Though proud of the heroic task set him (he will, overcoming all obstacles, teach her who she is, and for his discovery she will love and honor him forever without condition) and impatient with all impediment, he nevertheless does feel impeded, and not so much by the heady blossoms’ dense embrace as by his own arousal which their velvety caresses have excited.

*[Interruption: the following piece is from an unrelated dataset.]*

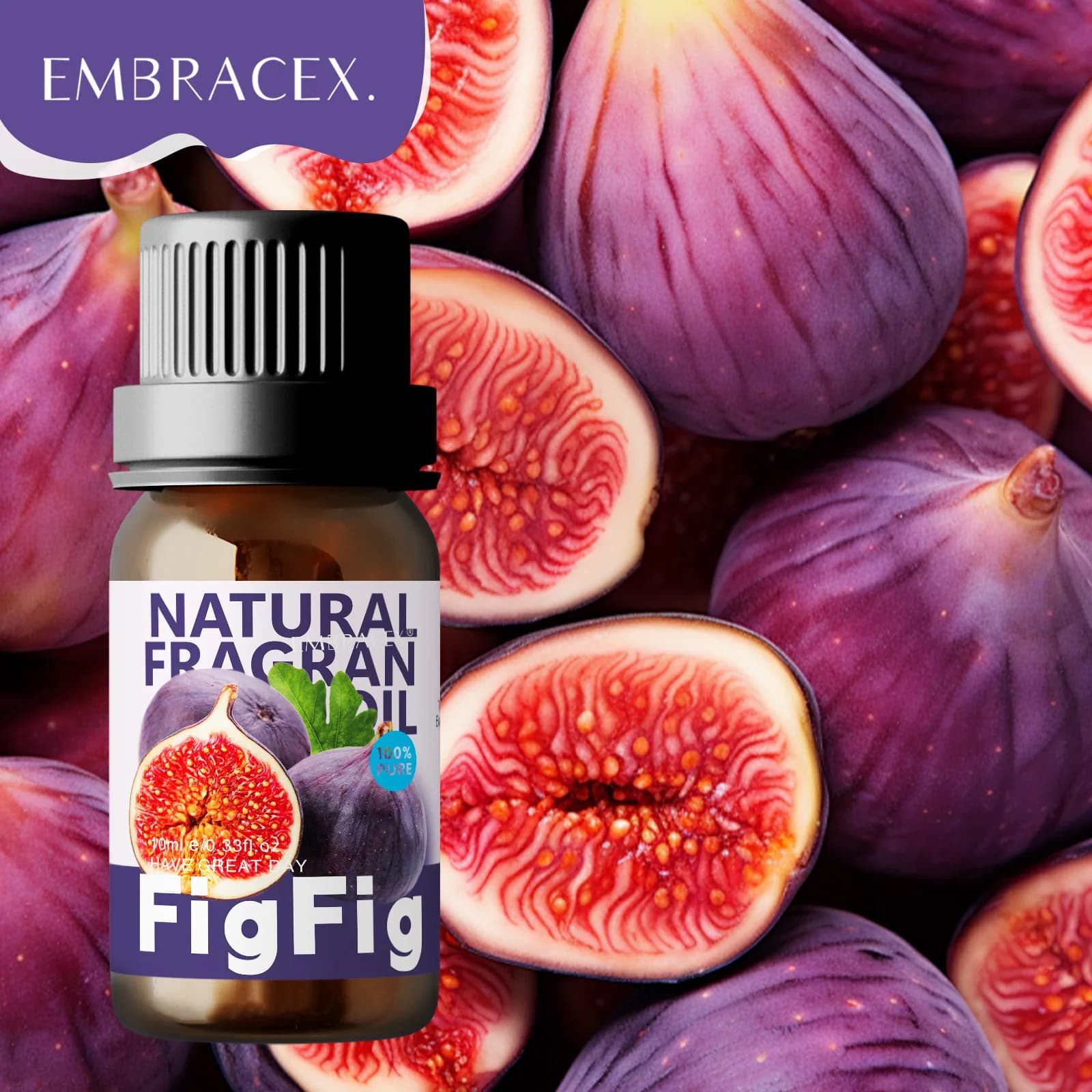 Huile essentielle de figue 10ml, huile parfumée aux fruits, parfum longue durée, cadeau pour les ami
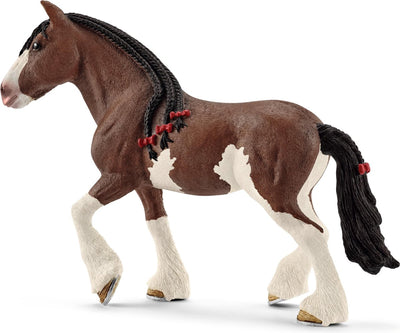 Schleich farm world - clydesdale merrie - speelfiguur - kinderspeelgoed voor jongens en meisjes - 3 tot 8 jaar - 13809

They seem to be instructing him that the prize here without may well exceed the prize within, that in effect his test lies not before him but behind, already passed, or, rather, that the test is not of his strength and valor but of his judgment: to wit, to choose an imagined future good over a real and present one is to play the fabled fool, is it not? Perhaps that tale the countryman told that put him all on fire to engage upon this fine adventure was but a subtle ruse to lure him to the briar hedge and thus into this profounder examination of his maturity and aplomb. All about him, the swaying remains of his anonymous predecessors clink and titter in the moonlight as though to mock the naive arrogance of his quest (who is he to seek to ‘make his name’ or to penetrate the impenetrable?) and to call him back to the brotherhood of ordinary mortals. If it feels good, do it, he seems to hear their bones whisper in wind-chimed echo of that ancient refrain, and for a moment the hostile castle turrets recede and his eyes, petal-stroked, close and something like pure delight spreads outward from his thorn-tickled loins and fills his body – but then, pricked not by briars but by his own sense of vocation, his commitment to love and adventure and honor and duty, and above all his commitment to the marvelous, his passionate desire to transcend the immediate gratifications of the flesh and to insert himself wholly into that world more world than world, bonding with it indissolubly, his name made not by single feat but by forever-aftering, he plunges forward again (those turrets: where have they gone?), wide-eyed and sword raised high.